If you want to say hello I will be the person freezing to death in vetting in !!


----------



## ChinaBlue

I'll be there - not showing but helping out on the Pinky PawZ stall - so feel free to come over and say hello!


----------



## allison6564

Well I WAS going with my Stan the Man in the pet pedigree section but poor little Stan is not well! He has always had problems with runny poos but the last couple of weeks has been having bright red blood in them and so off to the vets tonight to try and find out what is going on. He's eating etc all ok but his coat has lost its lustre and he just doesn't seem 100% to me. He has lost a small amount of weight but I did change thhier food as last time they were at the vets he said they could do with loosing a little bit. Not that they wer efat but he said that they were still so young and so better start off on the right track etc.

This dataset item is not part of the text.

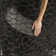Orren Ellis Lurette Charcoal Silver Modern Indoor Rug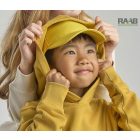 Gyerek Recy Five baseballsapka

Will know more after tonight but I don't think it will be fair to take him as we also have a trade stand there to sell our HUGE cat scratchers and so would be even longer day than normal. So I will be there myself but feeling really left out without my boy!!


----------



## messyhearts

Aww, hope Stan is okay. Sounds like colitis which may be caused by an allergy.


----------



## Donskie

Hope Stan is ok and all goes well at the vets tonight.


----------



## allison6564

On the wrong forum here talkiing about my Stan and his problems but wanted to give you an update. Vet is starting at the bottom (sorry for the pun!) and I'm putting him on Royal Canin Blue Whiting and Rice which he as a multiple cat owner himself swaers by. Stans already on Science Plan Sensitive so not sure if this will work. We'll give him 10 days ish and then if no improvemnet will start the stool tests etc.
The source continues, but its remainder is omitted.